In [1]:
import plotly.io as pio
import plotly.graph_objects as go
from plotly.subplots import make_subplots
import plotly.express as px
import pandas as pd
import numpy as np

# Set up the plotting template
pio.templates["custom"] = pio.templates["plotly"]
pio.templates["custom"].layout.margin = dict(l=0, r=0, t=50, b=0)
pio.templates.default = "custom"

## Correlation

Before diving in to the DFT, here is some background on correlation. Correlation is very similar to convolution. Given two input signals, it produces a third signal. The algorithm to find the correlation of two signals similarly involves multiplying the input signal with the target signal and summing the points to create $y[i]$, the output signal.

The purpose of correlation is to detect a known waveform within another waveform. An example would be using an echo-location system (e.g. radar) sending a pulse with a known waveform to detect a moving object. The reflected signal would be shrouded with noise with the shape of our original pulse baked in somewhere. We would use correlation to detect where that known waveform lies within the received signal.

In [2]:
# Target signal
t = np.zeros(20)
t[:7] = np.array([0, 1.0, 0.8, 0.6, 0.4, 0.2, 0.0])

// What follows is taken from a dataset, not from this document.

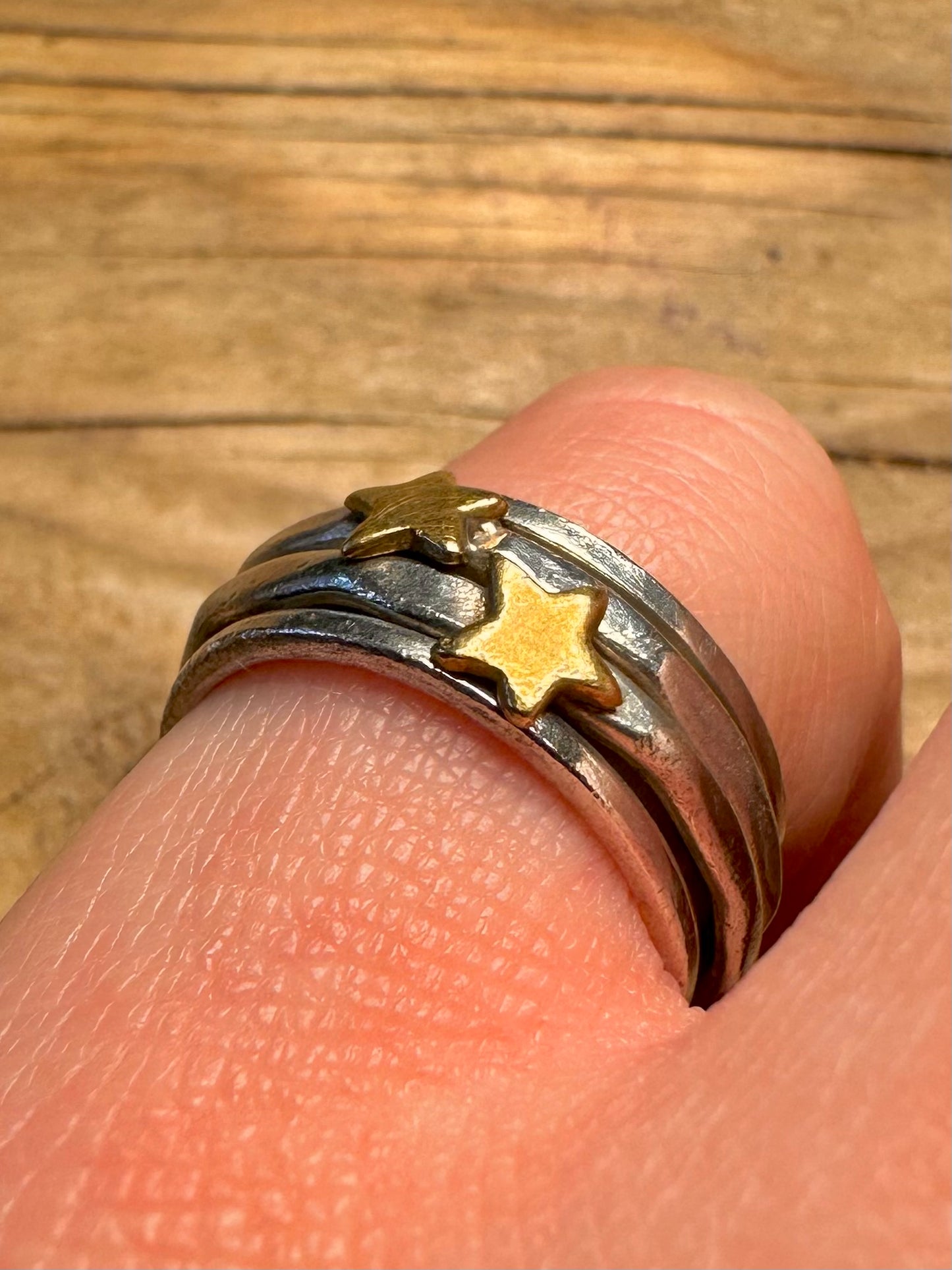 Vintage Spinner Gold Stars 925 Sterling Silver Size N Ring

# Received signal with added noise
x = 0.15*np.random.rand(80) - 0.15/2
x[17:24] += t[:7]
x *= 0.2

fig = make_subplots(rows=1, cols=2, subplot_titles=("Transmit signal t[n]", "Received signal x[n]"))
fig.add_trace(go.Scatter(y=t,
                         marker=dict(size=10, symbol="square"),
                         mode="lines+markers"),
              row=1, col=1)
fig.add_trace(go.Scatter(y=x,
                         marker=dict(size=10, symbol="square"),
                         mode="lines+markers"),
              row=1, col=2)
fig.update_layout(showlegend=False)
fig.update_xaxes(title_text="Sample number (or time)")
fig.update_yaxes(title_text="Amplitude")
fig.show()

When the target signal $t[n]$ is correlated with the received signal $x[n]$, the result is called the **cross-correlation signal**, $y[n]$. The amplitude of each point in the cross-correlation signal is a measure of how similar the received signal is to the target signal at that particular location. This means that at a given point in $y[n]$, a peak will occur when the shape of $x[n]$ lines up with the shape of $t[n]$. The values in that location will be maximized, indication a detection of the target waveform. This does not necessarily mean the cross-correlation signal will look like the target signal, only that there will be a peak where $t[n]$ is detected in $x[n]$ $^{[1]}$.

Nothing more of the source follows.